Figure 6.9 shows the forms of the push and pop instructions that access the data stack via W15. Observe that there are no byte mode push/pop instructions; all forms are either word or double word operations. The Wns and Wnd registers specified in double word operations must be even-numbered.

Figure 6.9
push, pop instruction forms

The execution of a push W0 instruction is shown in Figure 6.10(a). After instruction execution, the memory location pointed to by W15 (0x1250) is changed to the W0 register value (0xCD18), and W15 is incremented by 2 to its new value of 0x1252. Note that a mov W0, [W15++] instruction accomplishes the same actions as push W0, so it is helpful to remember that a push operation is simply a memory write with W15 specifying the destination address via the register indirect with post-increment addressing mode. Figure 6.10(b) illustrates the execution of a pop 0x1000 instruction. Register W15 is first decremented by 2 to point at location 0x1250, and the content of 0x1250 is transferred to location 0x1000. This is semantically equivalent to a mov [W15], 0x1000 instruction, but do not try this in the PIC24 assembler because this addressing mode combination is not allowed with the mov instruction.

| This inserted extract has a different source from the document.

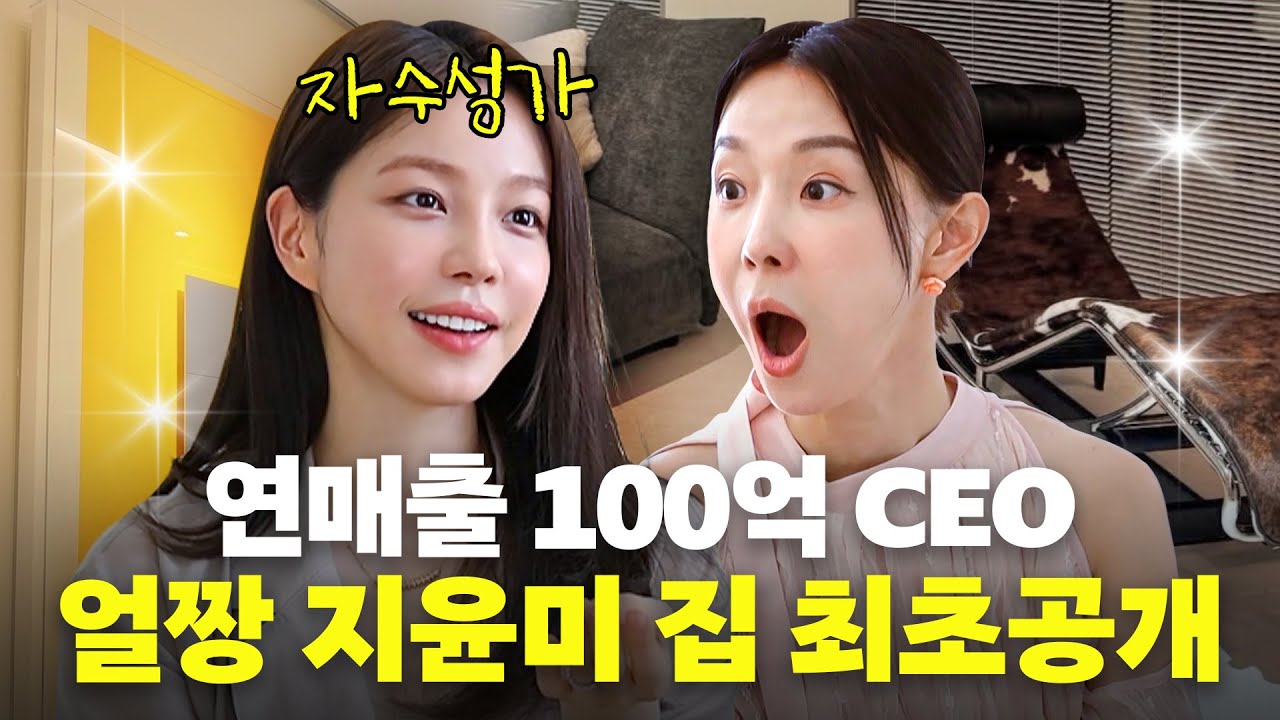 '연매출 100억' 자수성가 사업가 얼짱 지윤미 럭셔리 집 최초공개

Thus, a pop operation is a memory read operation with W15 specifying the source address via the register indirect with pre-decrement addressing mode.

Figure 6.10
push, pop instruction execution example

Call/Return and the Data Memory Stack

One of the principal uses of the data memory stack is for the storage of the return address during a subroutine call, which has two instruction forms named call target and rcall target. Both instruction forms first store the return address on the data memory stack before transferring control to the target address. The difference between a call and rcall is similar to the difference between the goto and bra unconditional instructions. A call instruction takes two instruction words and can transfer control anywhere in program memory, while an rcall only takes one instruction word and uses program relative addressing (see Chapter 5) to specify the destination, thus limiting the range of the rcall instruction. Figure 6.11 shows how return addresses are stored on the data stack for a series of nested subroutine calls. The stack pointer is initialized to location 0x1200 for the example. With execution starting at main, the first subroutine call that is executed is call sub_a (1). This pushes the return address 0x000244 on the stack as two 16-bit words, which advances the stack pointer to 0x1204, after which a jump is made to sub_a. The return address for a call instruction is computed as PC + 4, where PC is the program memory address of the call instruction. Within sub_a, the call sub_b (2) instruction pushes the return address 0x00026E on the stack, advancing the stack pointer to 0x1208, then control is transferred to sub_b. The final subroutine call is made from within sub_b by the rcall sub_c instruction. Because the rcall instruction is one instruction word, the return address pushed on the stack is PC + 2, which in this case is 0x00033E, leaving the stack pointer at 0x120C. The return instruction is used at the end of a subroutine to return to the caller, which is accomplished by popping the return address from the stack and using the return address as the new PC value. The first return instruction (4) executed is in subroutine sub_c, whose execution pops 0x00033E from the stack, decrementing the stack pointer by 2 to 0x1208. Subsequent return instructions at point (5) in sub_b and point (6) in sub_a pop the return addresses 0x00026E, 0x00244 from the stack, leaving the stack pointer at its original value of 0x1200.

Figure 6.11
Storage of return address on data memory stack

Stack Overflow/Underflow

A program should execute the same number of stack pop operations as stack pushes and the same number return instructions as call instructions in order to remove the same amount of data from the stack as is placed on the stack. If this is not done, then the stack eventually underflows (the stack pointer decrements past its initial value) or overflows (the stack pointer increments past the end of implemented data memory). The stack pointer limit (SPLIM) register is a special function register that is used to automatically detect stack overflow. If a stack push is done when the stack pointer is greater than the SPLIM value then a stack error trap is generated, causing program execution to automatically jump to the stack error vector (general discussion about traps and interrupts is found in Chapter 9). Generally, the SPLIM register is initialized to a value that is a few words less than the end of data RAM (the amount of data RAM varies by device); the reasons for this are discussed further in Chapter 9 in the coverage of traps and interrupts. A stack error trap for stack pointer underflow is generated if the stack pointer is decremented below the location that is the start of data RAM (location 0x1000 for PIC24EPXXXGP devices) to prevent stack operations from occurring within the special function register space.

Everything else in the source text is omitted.